Lambeth council criticised over claim girl shared bed with sex offender
- Published
A London borough council has been criticised for failing to investigate claims a nine-year-old girl shared a bed with a known sex offender.
The child's father told Lambeth council staff his daughter said she was in the same bed as the offender while he had sex with her mother.
The local government and social care ombudsman found the girl was "consistently let down".
Lambeth council apologised and said it accepted the findings.
The ombudsman reviewed the council's handling of the case after the girl's father escalated his complaint, the Local Democracy Reporting Service says.
The incident was originally reported to the council by the child's father and another individual in 2018.
The father then lodged a complaint with the council in 2020 and continued to escalate his grievance until the ombudsman reviewed the case in August.
'Failed in duties'
The ombudsman noted that a previous investigation was highly critical of the council's response and that it had made almost 30 recommendations for improvement.

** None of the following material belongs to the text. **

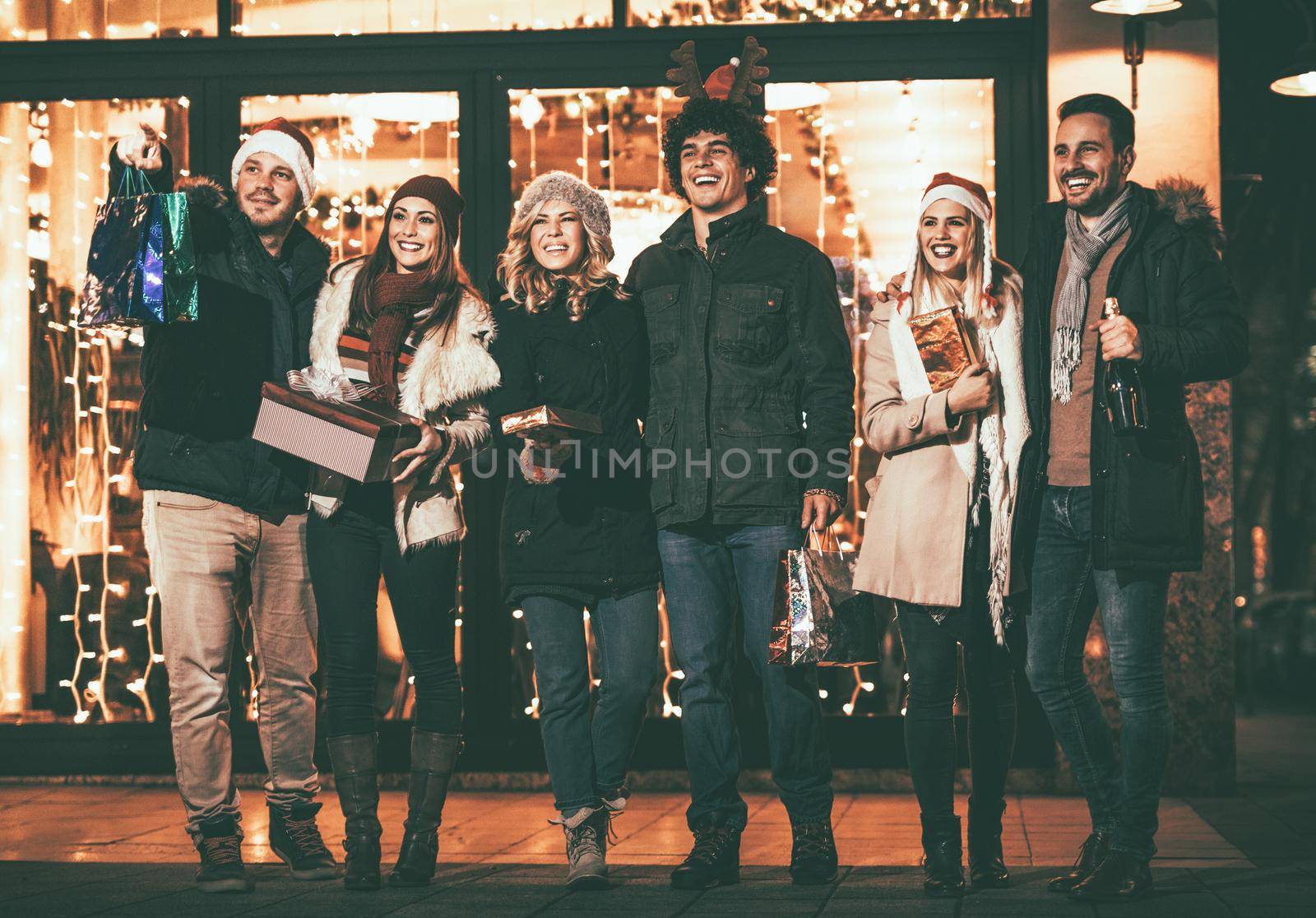 Young smiling friends having fun in the city street and going to Christmas party.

The earlier investigation had highlighted the mother's issues with alcoholism and found she had attended hospital with her daughter while drunk, and had forgotten to pick her daughter up from school on one occasion.
That panel found the council had allowed the girl to keep living with her mother even after it had received a report that her new partner - a sex offender - would be moving in.

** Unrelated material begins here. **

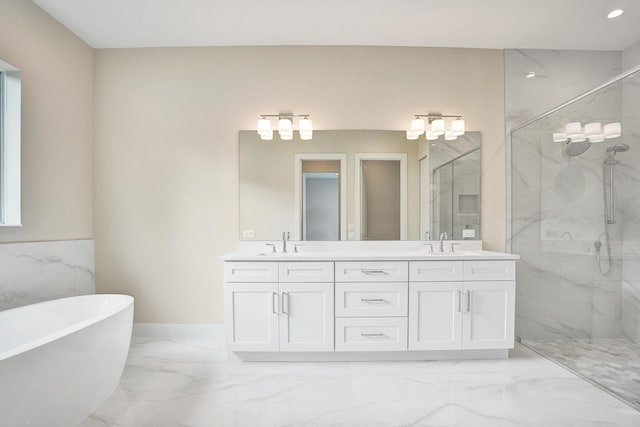 bathroom with vanity and shower with separate bathtub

It said social workers had never asked the child about the claims she had shared a bed with her mother's partner, but because the incident would be considered as a form of child sexual exploitation the council had therefore "failed in their duties in relation to this matter".
Social workers had used more of a "parent-led than child-led" approach, the panel ruled, and had failed to understand the child's "lived experiences and the impact of her mother's lifestyle".
It also noted that social workers had not been checking on the girl every 10 days despite it being a legal requirement for a child on a child protection plan.
'Prolonged, significant distress'
When reviewing the case, the ombudsman identified that not all of the previous investigation's recommendations had been acted upon.
It ordered the council to brief staff on the importance of following London-wide child protection guidelines on working with sex offenders, and to send an apology to the girl's father in which it accepted the ombudsman's findings.
The ombudsman also told the council to pay the father £1,150 compensation for the "prolonged, significant and unnecessary distress" caused by its failure to protect his daughter, and the time and trouble it had taken him to expose problems.
A Lambeth Council spokesperson said: "The council has accepted the findings and has agreed action that the ombudsman's investigator said will remedy the injustice.
"We have apologised to those who were let down and have submitted evidence that the council has carried out the actions needed in line with the ombudsman's report.
"We are now focussed on preventing similar failings in the future."